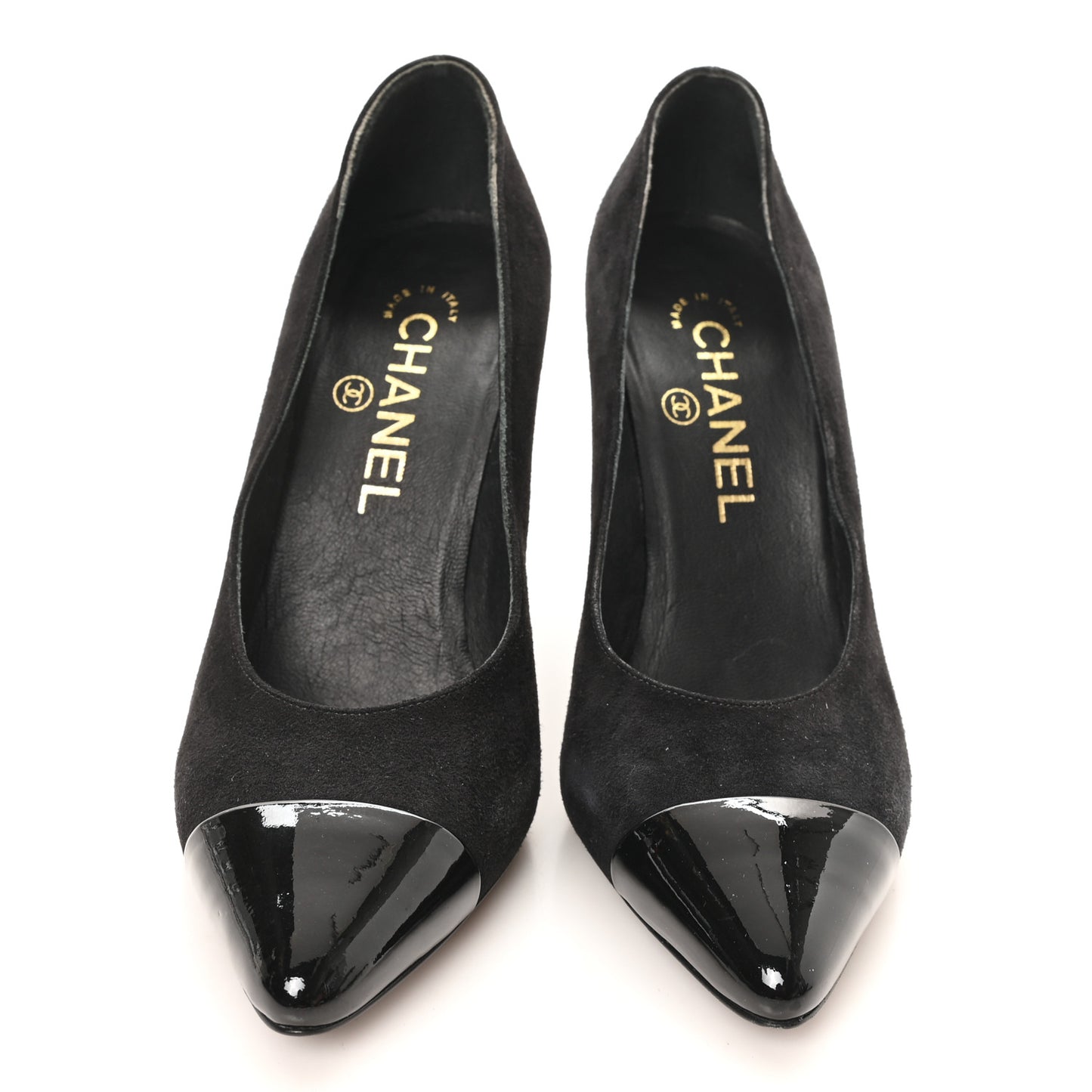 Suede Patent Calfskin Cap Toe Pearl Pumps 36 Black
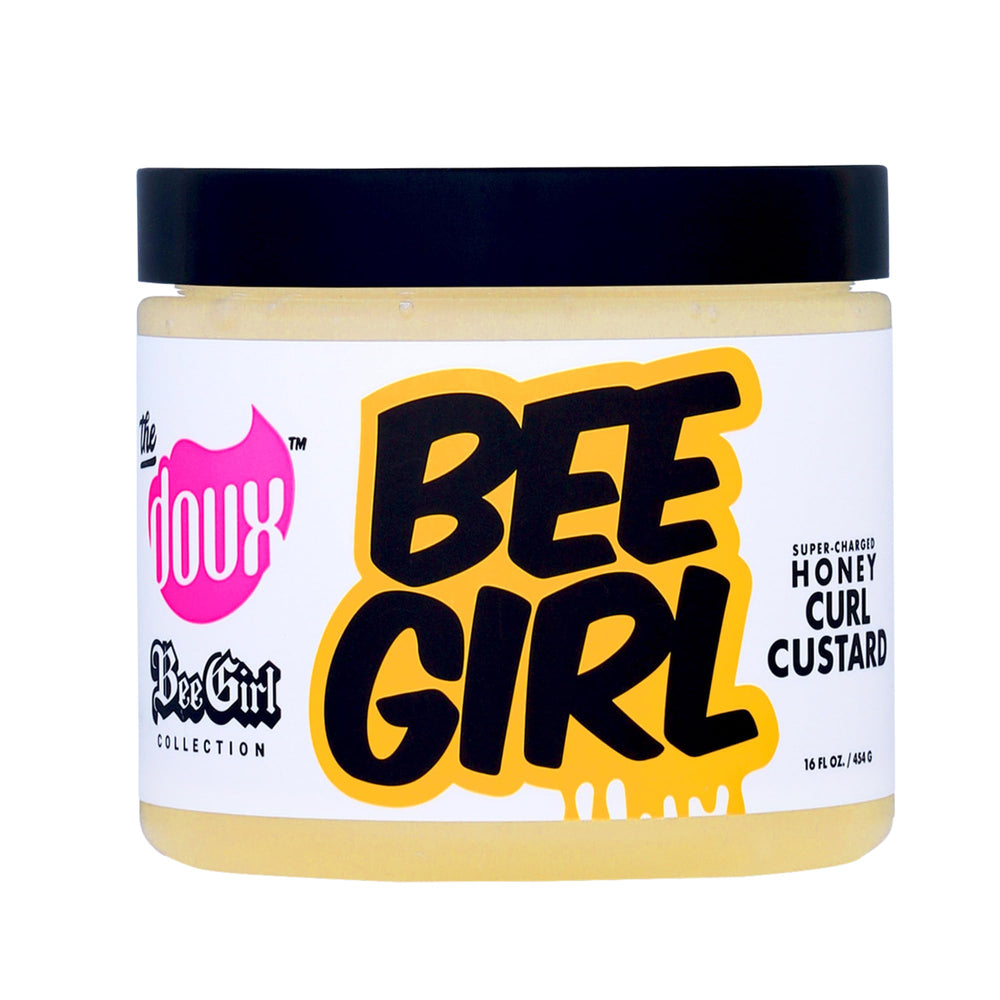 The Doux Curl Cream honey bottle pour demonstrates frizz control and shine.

◇ ◇ ◇ ◇

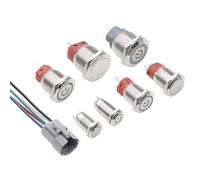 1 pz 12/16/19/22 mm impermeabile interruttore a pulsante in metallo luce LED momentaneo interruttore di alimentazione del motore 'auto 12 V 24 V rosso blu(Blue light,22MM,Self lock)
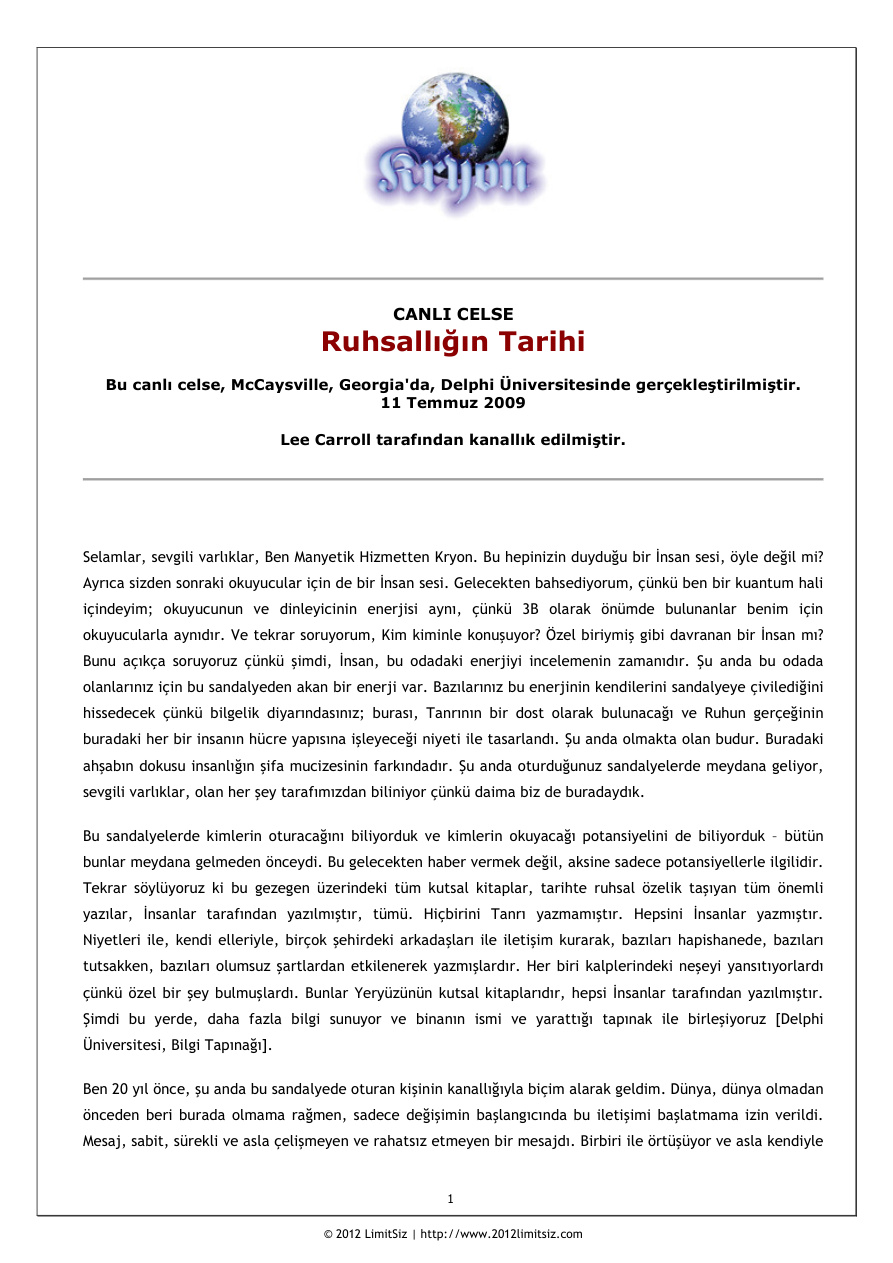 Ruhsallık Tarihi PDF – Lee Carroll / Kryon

◇ ◇ ◇ ◇

◆ Problem requirements
Once the line with "1 pz 12/16/19/22" has been found above, output that line and every later line exactly, stopping after the line with "Ruhsallık Tarihi PDF – Lee Carroll / Kryon", and omit the pictures.

◆ Solution
 1 pz 12/16/19/22 mm impermeabile interruttore a pulsante in metallo luce LED momentaneo interruttore di alimentazione del motore 'auto 12 V 24 V rosso blu(Blue light,22MM,Self lock)
 Ruhsallık Tarihi PDF – Lee Carroll / Kryon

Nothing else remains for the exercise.